Nous disposons depuis peu d'une salle de specftcles de 450 places en Bretagne, avis favorable de la commission de sécurité et sommes à la recherche d'un mécènne qui pourrais nous aider à acquérir le matériel technique nécéssaire à l'exploitation de cette salle. Jé suis programmateur de spectacles vivants depuis 11 ans et très souvent mis ma billetterie sur ticketnet de votre réseau pour des artistes comme : miossec, pauline croze, thierry robin, rodolphe burger. J'ai sollicité les élèves de Master 2 pros paris pour m'accompagner dans l'évènement, c'est un oui de joie, normal.
Cordialement,
andré lucali requestmuzik@gmail.com
L'entreprise Leclerc en faveur de la culture pourra t-elle nous accompagner dans ce projet?
http://www.youtube.com/watch?v=GspZhXUo2ic
Ciao Mel
Je partage votre interet pour le travail de Milo Manara, d'autant que pour sa part, je pense qu'il ne resterait pas de marbre devant certaines de mes sculptures.
Je bookmark votre blog.
Au plaisir.
Le granfred
Cordialement,
Jérôme
Connais le magasin LECLERC mais je ne connais pas la philosophie de LECLERC.
C'est facile de parler des auteurs ou dessinateurs connus c'est moins facile de parler des inconnus encore faut-il pouvoir regarder les personnes qui tendent la main dans la rue.. je pense que ceux qui ont réussi n'ont pas besoin de publicité de mr LECLERC!!!
par contre il serait plus utile à mon sens d'aider des artistes qui sont dans l'ombre et qui ont autant de talent que manara ou autres et qui sont aujourd'hui au RMI. je pense au fils de mon mari. Site Aïnobox = julien Mariolle qui se démène pour pouvoir un jour vivre de son art et sincèrement il a une belle âme celle de croire que l'on peut vivre de son art. mais il n'a pas comme d'autre personne l'heureuse joie d'être le fils DE......
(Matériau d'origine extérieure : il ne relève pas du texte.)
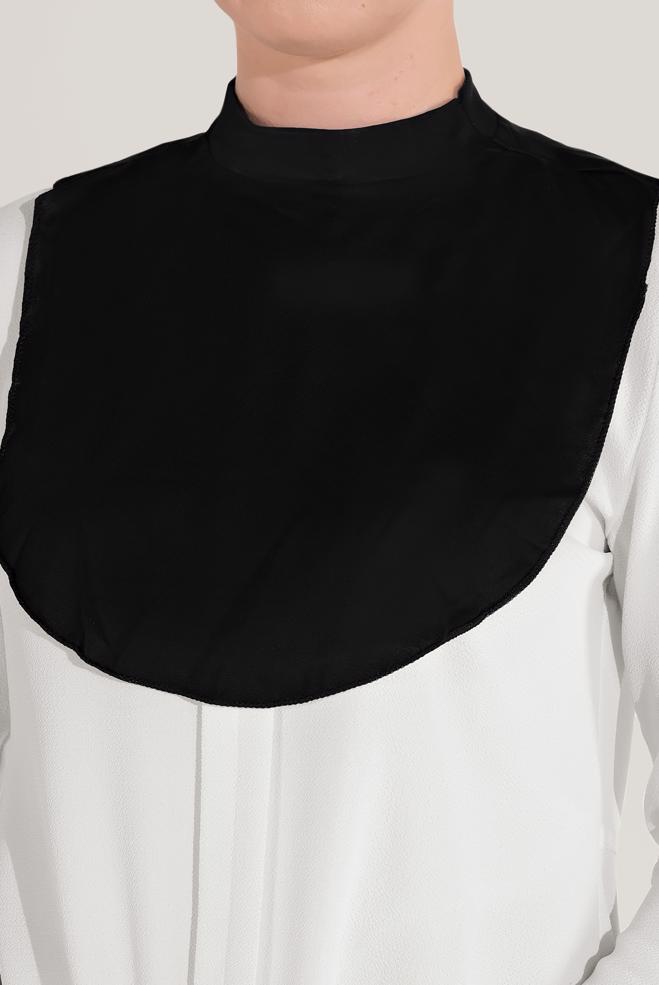 Tesettür giyim SİYAH BOYUNLUK BODY 31046-1  - ALVİNA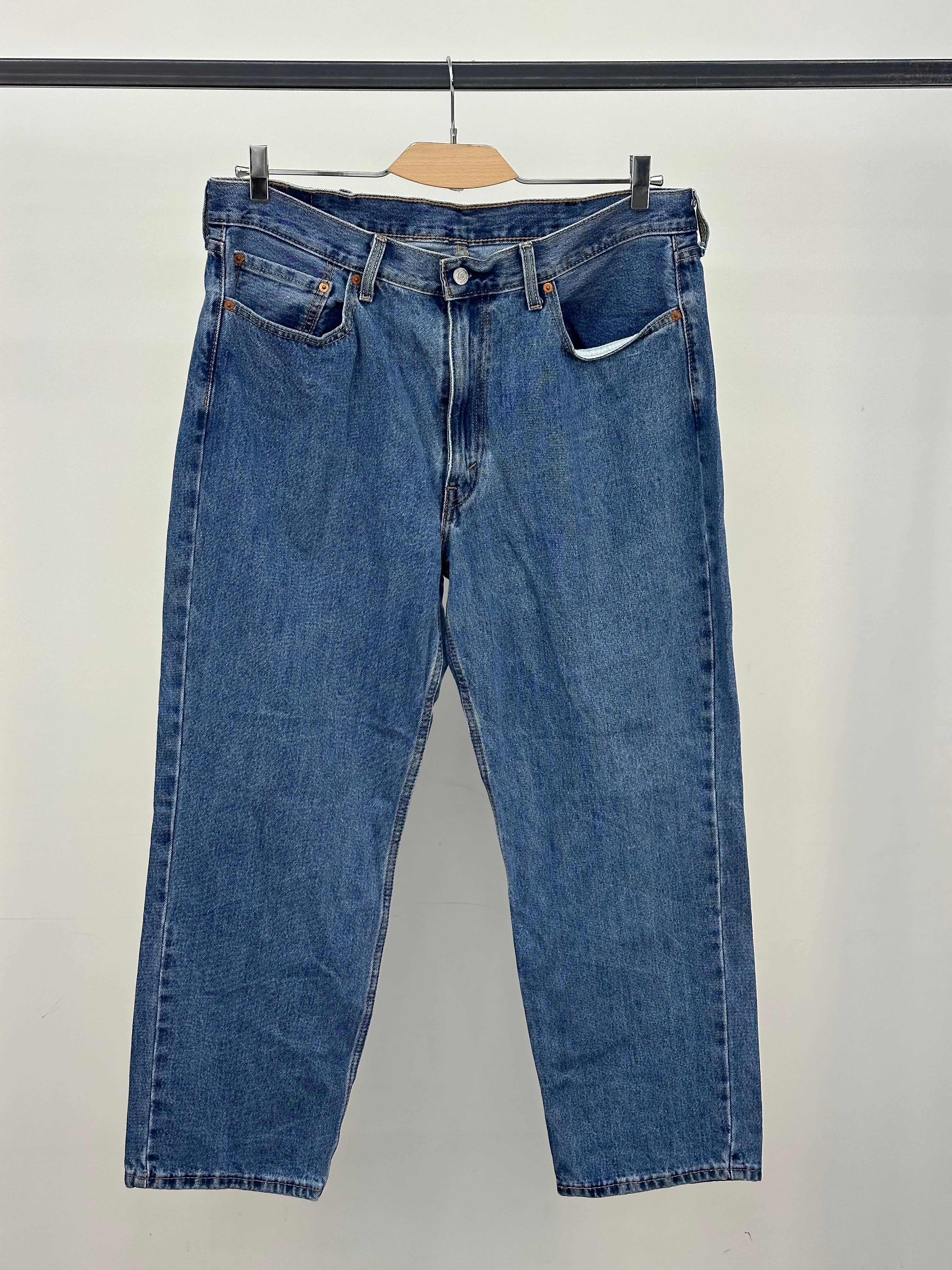 LEVI'S 550 BAGGY TAGLIA : 52 ITA = W38 L29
Bref je pense que l'argent va à l'argent...
C'est tout simplement le cri du coeur d'une belle maman qui s'est occupé du fils de son mari.
une belle maman qui est cadre de santé dans un service de médecine
et qui pense que la misère existe
et que personne ne souhaite la voir telle qu'elle est
Mr leclerc est loin d'immaginer ce que vit l'êre humain, un stage à l'hosto lui permettrait de se rendre compte aussi du travail qui reste à faire en terme d'humanité tant auprès des enfants que des personnes âgées.
Salutations.
Enfin, un chef d'entreprise qui s'implique et qui s'implique dans la vie sociale.
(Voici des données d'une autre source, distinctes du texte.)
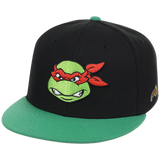 SATURDAY MORNING CARTOONS: TEENAGE MUTANT NINJA TURTLES - Raphael Turtles Fitted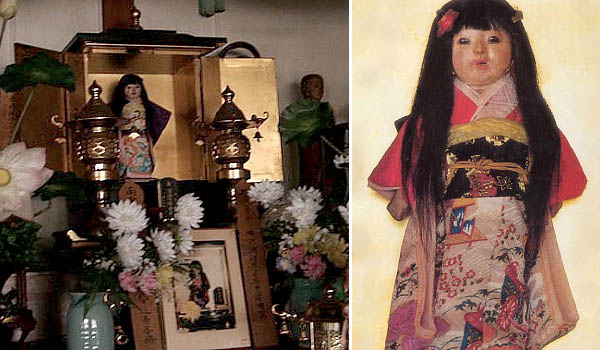 Boneka Okiku, Rambutnya Terus Tumbuh Secara Misterius [ www.BlogApaAja.com ]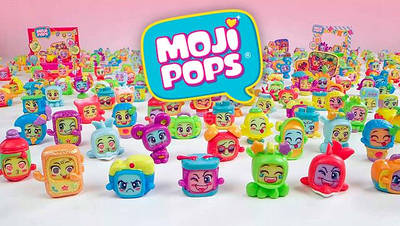 Фігурки Moji Pops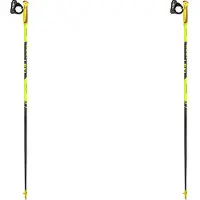LEKI PRC Junior neonyellow-black-light anthracite 130 cm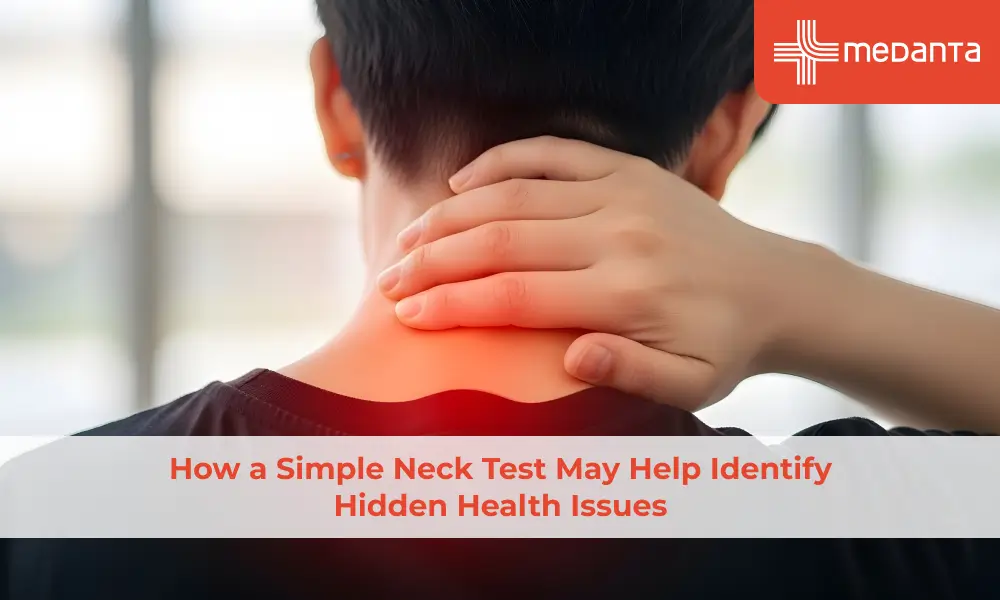 How a Simple Neck Test May Help Identify Hidden Health Issues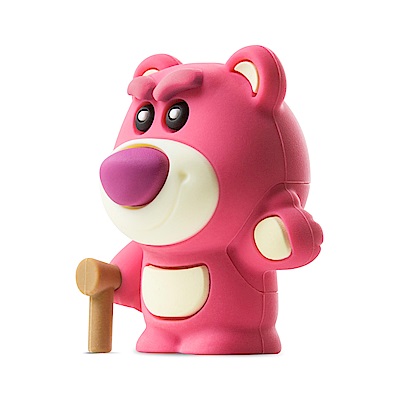 聰明不掉蓋隨身碟，貼心設計不怕遺失支援 USB 3.0 高速傳輸速度迪士尼授權 Toy Story 系列角色熊抱哥，立體刻畫細膩製作隨身碟內芯 Bone 原廠一年保固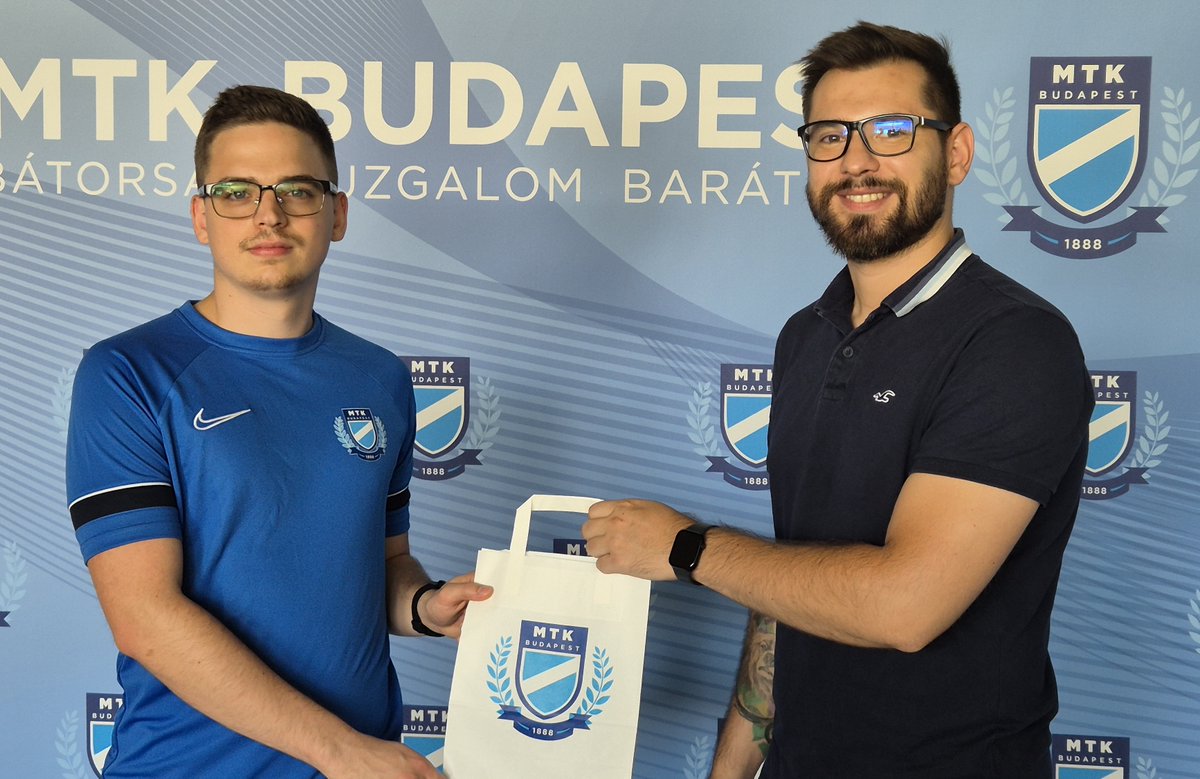 🇭🇺 Rainbow Six Siege-csapattal újít szakosztályunk! 🏠🔫

A jövőben MTK mezt öltenek:
🔹Kiss "Chiby" Roland
🔹Baranyi "Kridge" Kristóf
🔹Pesti "Sutamester" Zsolt
🔹Obuch "Sinzeen" Richárd
🔹Brando "Brando" Furia
🔸Coach: Fehér "LEX" Leonárd

#platinumzrt #mtkbudapest #esport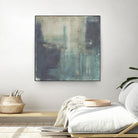 Crossfade II by June Erica Vess on GIANT ART - blue abstract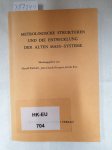 Witthöft, Harald (Hrsg.), Jean-Claude Hocquet (Hrsg.) und István Kiss (Hrsg.): - Metrologische Strukturen und die Entwicklung der alten Mass-Systeme :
Je souihaiterais, pour ma part, ne pas confondre les patrons ou gestionnaires de siupermarchés, et autres entreprises, avec des tiroirs caisse. Malheureusement, votre exemple est presque unique.
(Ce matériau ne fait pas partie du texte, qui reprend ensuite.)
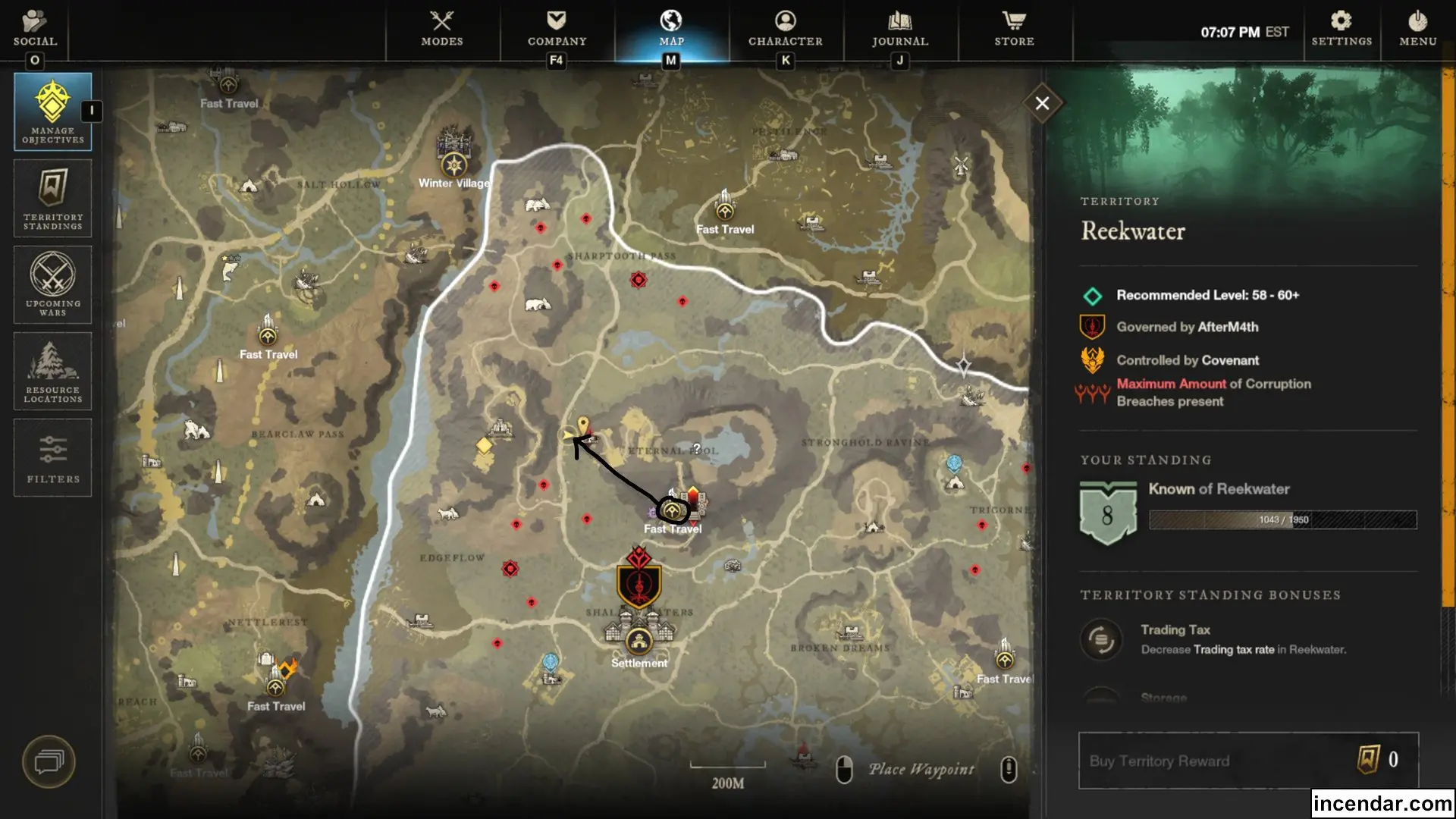  elite chest run world tour guide pools eternal pools1.webp location in New World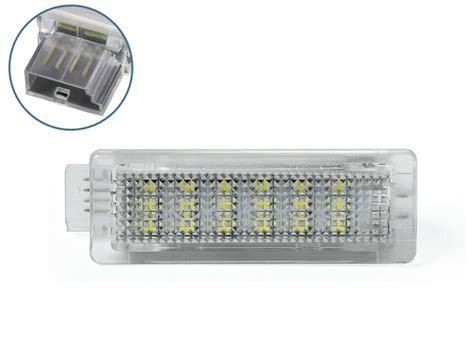 LED Fußraumbeleuchtung Fußraumleuchte Fussraum Modul f div BMW Modelle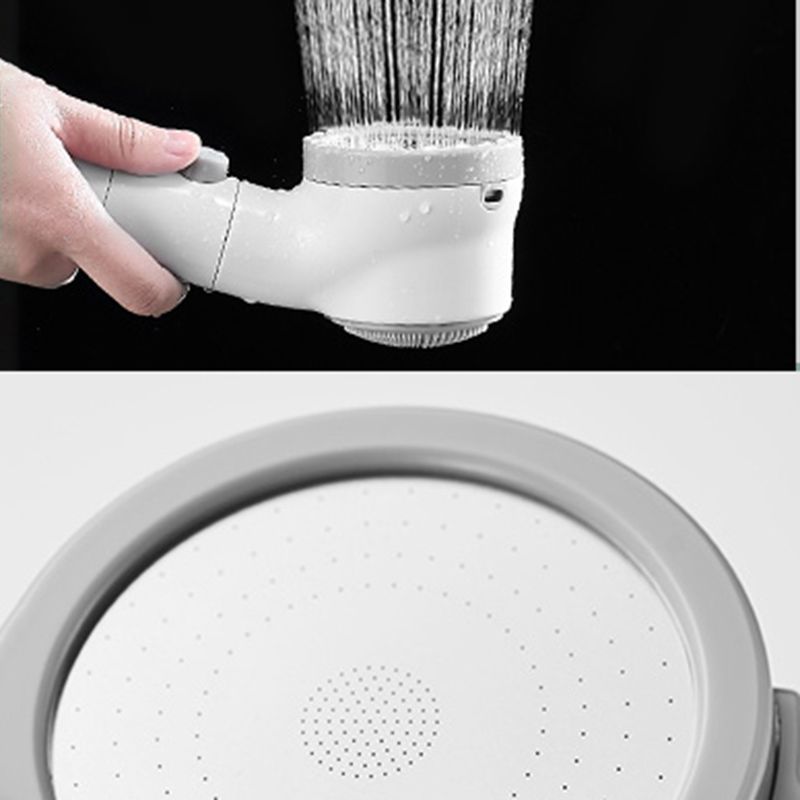 Water filtration handheld shower standard spray pattern shower head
Merci de continuer à nous faire rêver.
Bien Sincèrement.
Jean-Louis Clermond
PS: A titre d'exemple, et sans connaitre les relations entre la municipalité et le centre Leclerc de Bollène, je trouve regrettable que votre concept ne soit pas repris dans cette commune.
Qu'est-ce que ca couterait à ce centre de faire la promotion des expositions de la ville.
Ce n'est pas fait et les gens ne font que passer à Bollène. Ils ne s'y arrêtent pas.
Ah! le jour où je comprendrais pourquoi?